Character Analysis
Enjoy Delacroix
The Delacroix family is in the mix right from the start. There's Dickie Delacroix, who gathers his stones with the other boys, there's Mr. Delacroix drawing his strip of paper, there's Mrs. Delacroix, chatting happily with Mrs. Graves and Mrs. Tess Hutchinson—and then there's Mrs. Delacroix picking up a stone so large she needs to use both hands to pick it up.
Let's start with the name, Delacroix.
Critic Helen Nebeker has pointed out that "Delacroix" means "of-the-cross" in French. Nebeker draws particular attention to Jackson's elaboration that the villagers pronounce "Delacroix" (de-la-KWAH) as "Dellacroy." In other words, argues Nebeker, the villagers are perverting the cross, the big Christian symbol of martyrdom: far from being a willing sacrifice, the lottery makes an absolutely unwilling, hypocritical woman bear the burden of the community's ritual murder (Source).
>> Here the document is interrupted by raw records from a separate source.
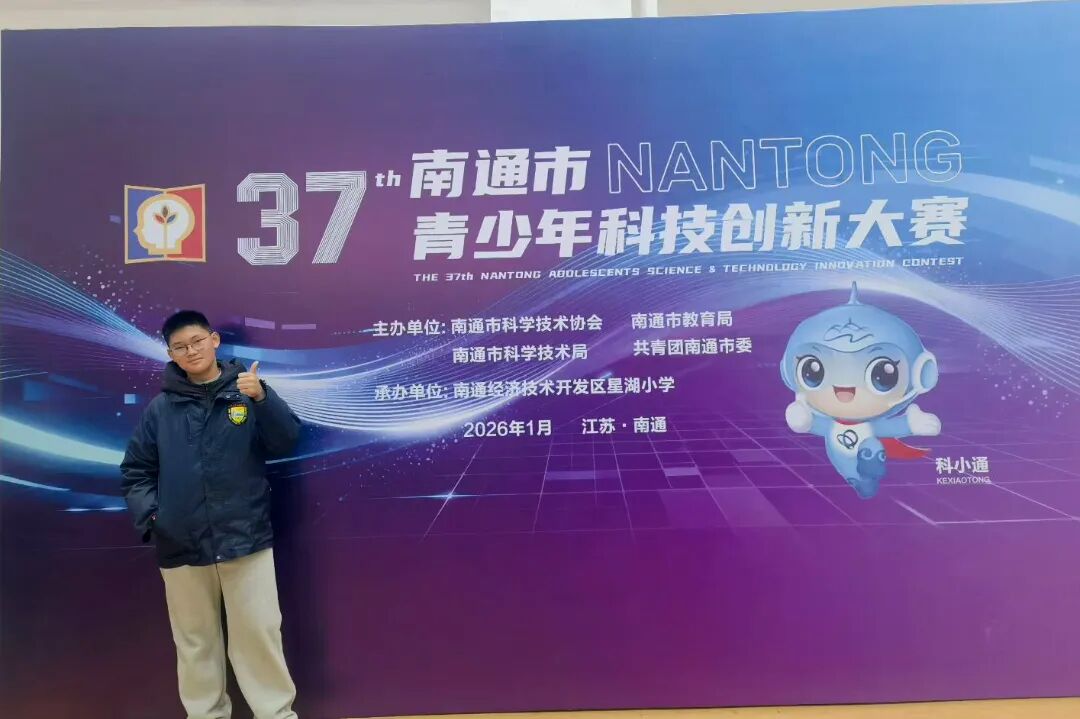 640?wx_fmt=jpeg&from=appmsg#imgIndex=6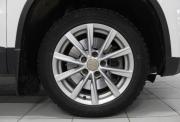 Volkswagen Tiguan I Астрахань  - изображение 35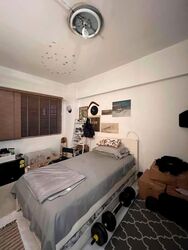 Blk 278 Keat Hong Tembusu (Choa Chu Kang), HDB 4 Rooms #545169741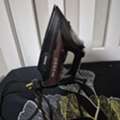 SAR 35,  Nikai Iron Box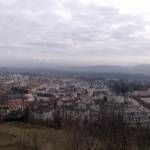 Krems an der Donau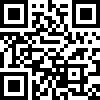 https://hi.abna24.com/xkFLc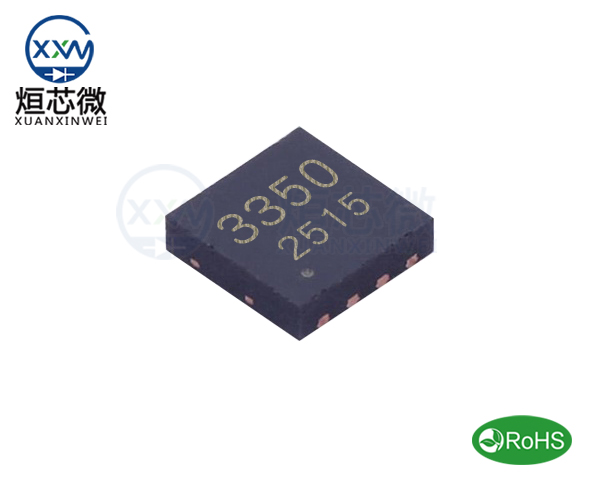 50N02D场效应管参数,50N02D中文资料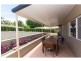 4 Greaves Court, Carrara QLD 4211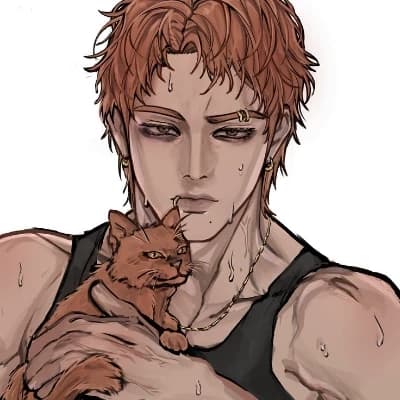SMITTEN ENEMY thumbnail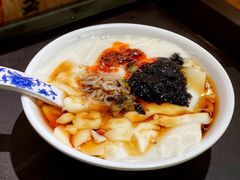 -老客满蛋饼(双塔市集店)
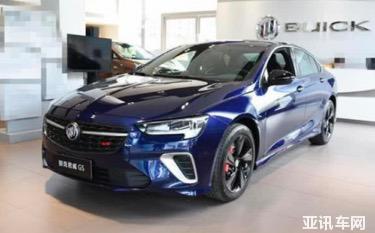 20万左右的车哪款好(20万左右的车哪款好一点) 20万左右的车哪款好(20万左右的车哪款好一点)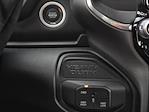 New 2025 Ram 2500 Laramie Crew Cab for sale #25D442 - photo 12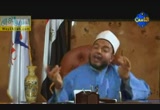 الحريه  في الاسلام (20-7-2012)نبض الواقع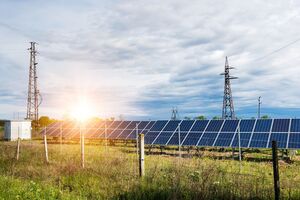 Рыночные правила изменились, трейдерам придется адаптировать свои стратегии, отметил Игнатьев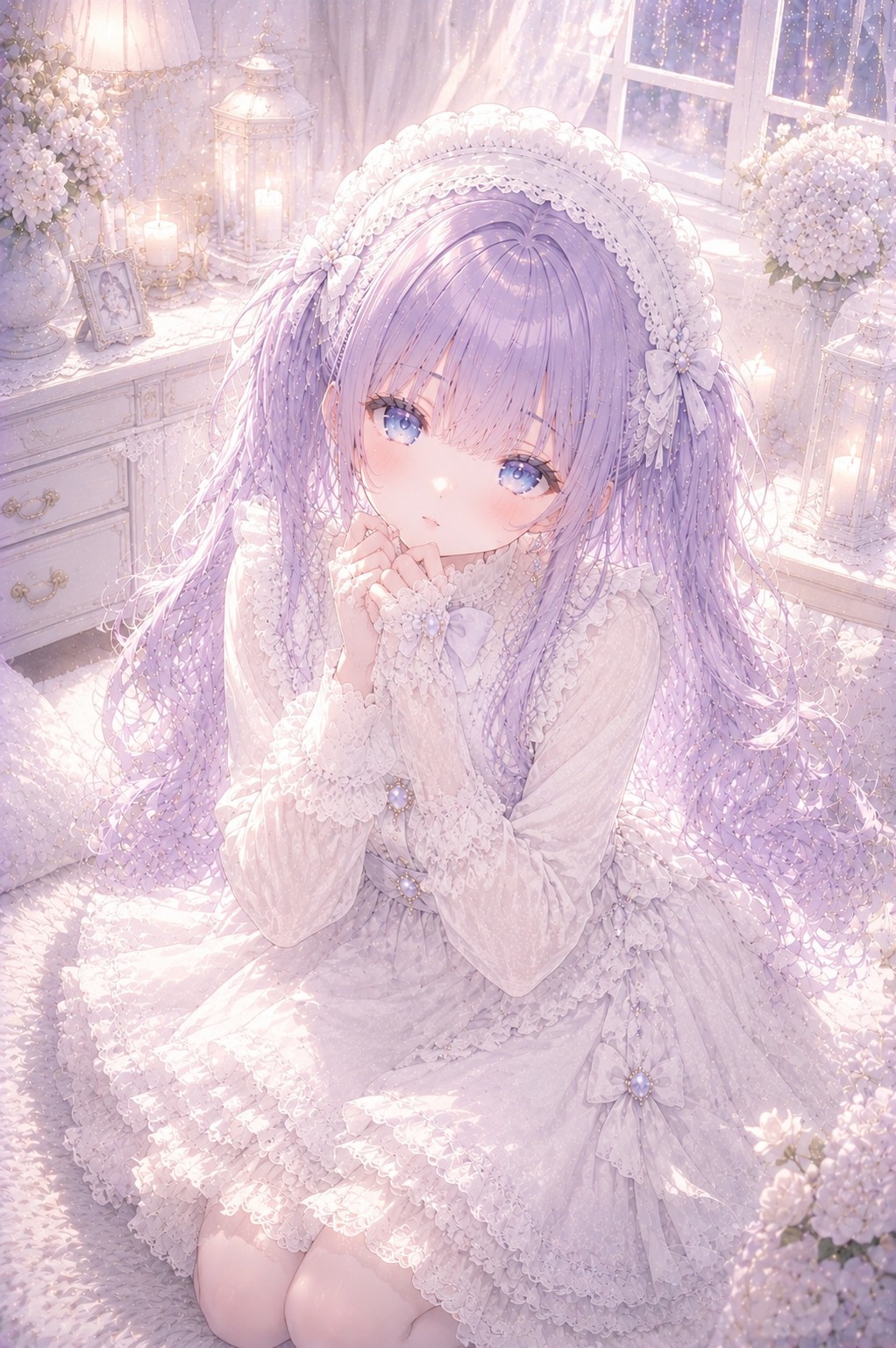 癒します♡初見さん◎誰でも大歓迎♡♡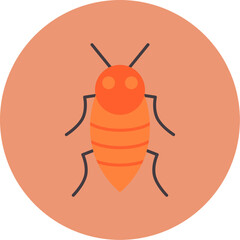 Insect Icon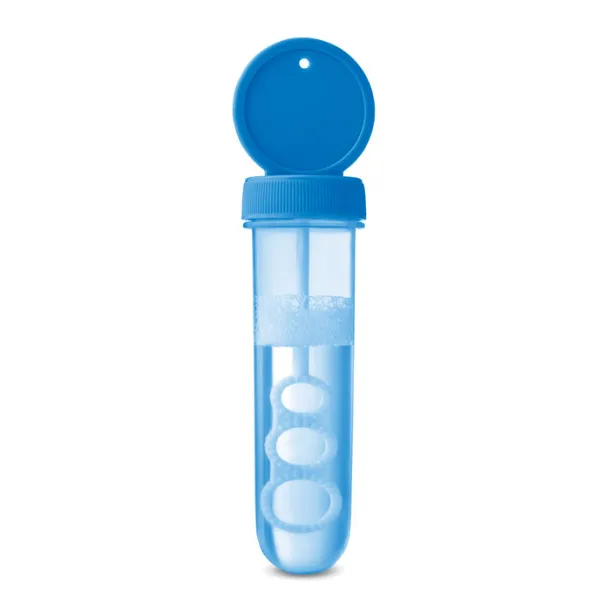 SOPLA Bubble stick blower Turquoise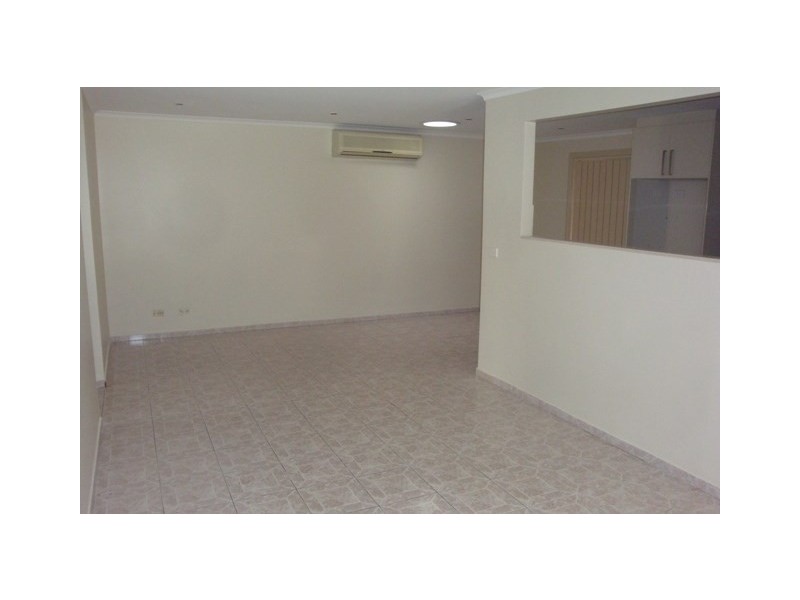 52 Dransfield Road, Edensor Park NSW 2176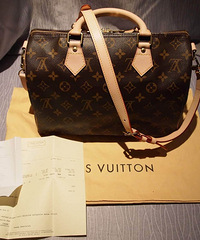 ׼������lv�����ǲ�֪����speedy30 ���������neverfull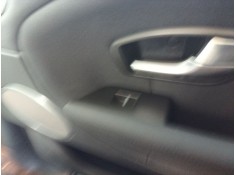 Recambio de mando elevalunas trasero derecho para land rover evoque pure referencia OEM IAM BJ3214717AB   2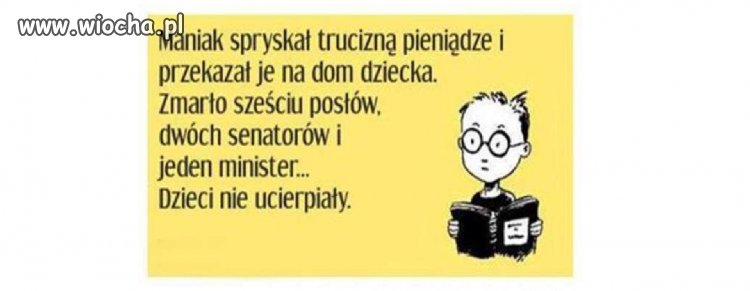 Polska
We find it striking that Mrs. Delacroix is the only person who speaks to the otherwise silent Mrs. Graves, wife of the even more silent postmaster. In retrospect, Mrs. Delacroix's friendly relationship with the Graves family foreshadows her willingness to kill Tess Hutchinson with a smile on her face. The lottery appears completely natural to her, so much so that it doesn't strike her as a contradiction to chat happily with Tess one minute and attack her the next.
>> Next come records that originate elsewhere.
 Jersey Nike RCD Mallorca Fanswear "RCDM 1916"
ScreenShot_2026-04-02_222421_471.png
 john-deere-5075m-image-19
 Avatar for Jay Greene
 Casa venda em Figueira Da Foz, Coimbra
Mrs. Delacroix's reversal is perhaps the most obvious example of the deadening effect that this tradition has had on the hearts and minds of the villagers; she seems so unconscious of her own inconsistency that it would be difficult to call her betrayal of Tess "hypocrisy."
It's not conscious enough to be hypocrisy—Mrs. Delacroix really seems incapable of seeing how vicious and inconsistent she is being. And that's possibly the most horrible thing about the ending of this story: none of them know what evil they are doing.